1

Is there a way to whitelist a property value in expressjs? IE I would like to limit a properties values to either a Boolean true/false or the string 'true'/'false'.

Because truthy sucks in JS I cannot just do this

  var foo = Boolean(req.param('foo'));

Since the string 'false' evaluates to true.

Looking to simplify this, however also wondering if there is something built in to expressjs or multer/busboy that I am missin:

var fooParam = req.param('foo');
var foo;
if (fooParam === 'true' || fooParam === 'false') {
  foo = fooParam === 'true;
} else if (fooParam === true || fooParam === false) {
  foo = fooParam;
}
lostintranslation
  • 23,756
  • 50
  • 159
  • 262
  • Out of curiosity, when can it be boolean instead of string `true`/`false`? JSON request bodies? – Ry- Jun 11 '19 at 22:31
  • And to clarify, the three results are: `'true'` or `true` produces `foo = true`, `'false'` or `false` produces `foo = false`, and any other strings or types produce `foo = undefined`? – Ry- Jun 11 '19 at 22:32
  • How about using `typeof fooParam === 'boolean'` in the second `if`? – Krzysztof Dziembała Jun 11 '19 at 22:33
  • @Ry- yes trying to simply a route that can use multipart/form-data and application/json.
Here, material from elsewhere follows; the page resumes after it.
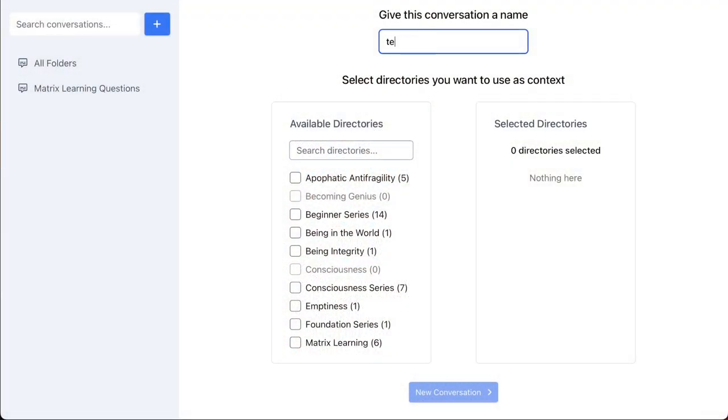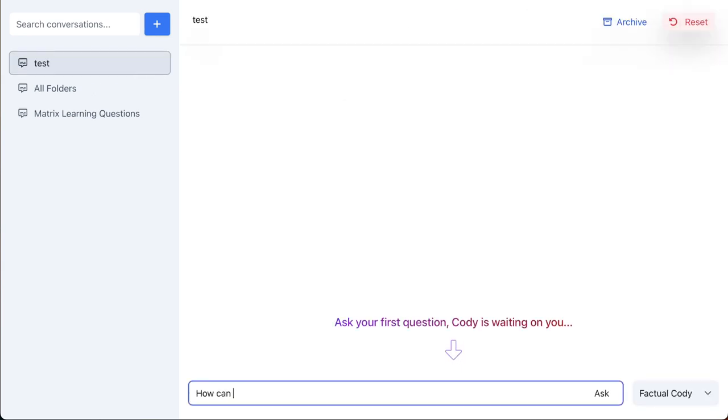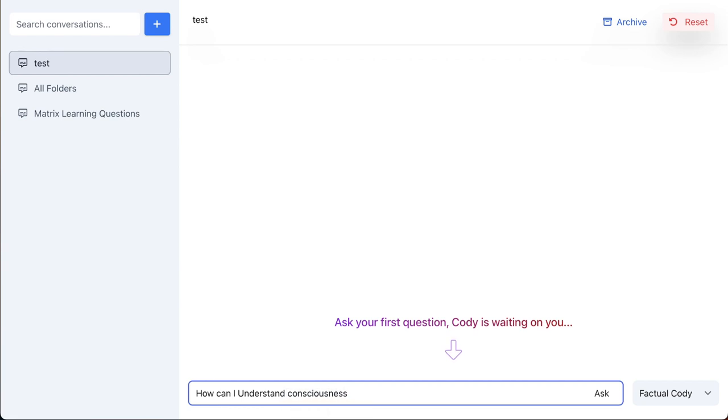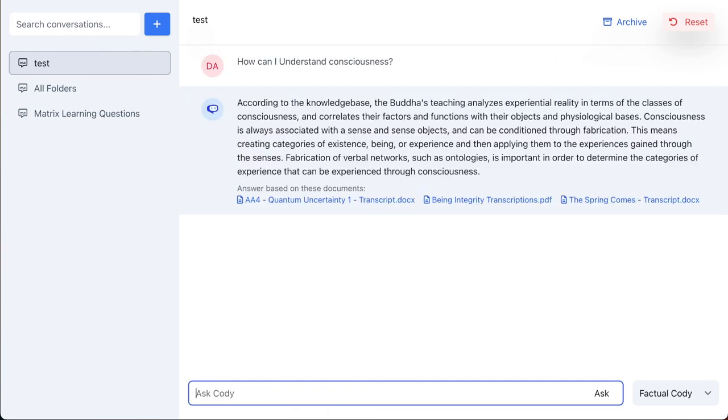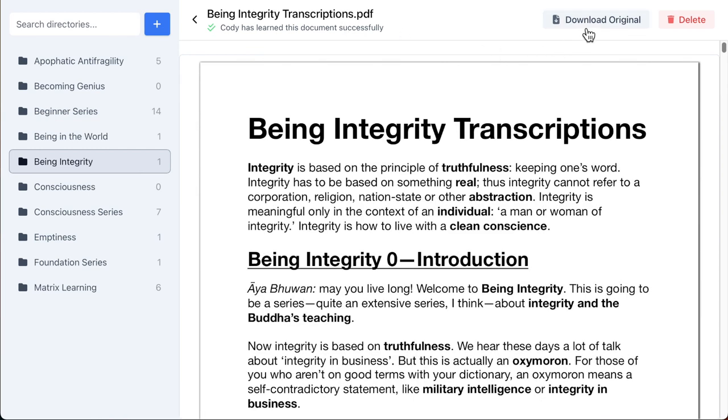We're not exactly sure how it's going to look because we're in the alpha stage of development. Basically what it does — I'll give you a little demo here — you click on the sources that you want it to search, then you ask your question, and it comes up not only with an answer but with links to the materials where it found the answer. You can click on those links, display the documents, and dig deeper as deep as you want. We're also going to add links back to the original videos, so it's going to be very, very powerful.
JSON would of course be a boolean, but multipart values are strings so would come in as 'true'/'false'. – lostintranslation Jun 11 '19 at 22:39
  • 2
    There’s really no super-clean solution to this, just variations on the same thing you already have. – Ry- Jun 11 '19 at 22:42

3 Answers3

0

I do like this notation:

[true, false, 'true', 'false'].includes(req.param('foo'))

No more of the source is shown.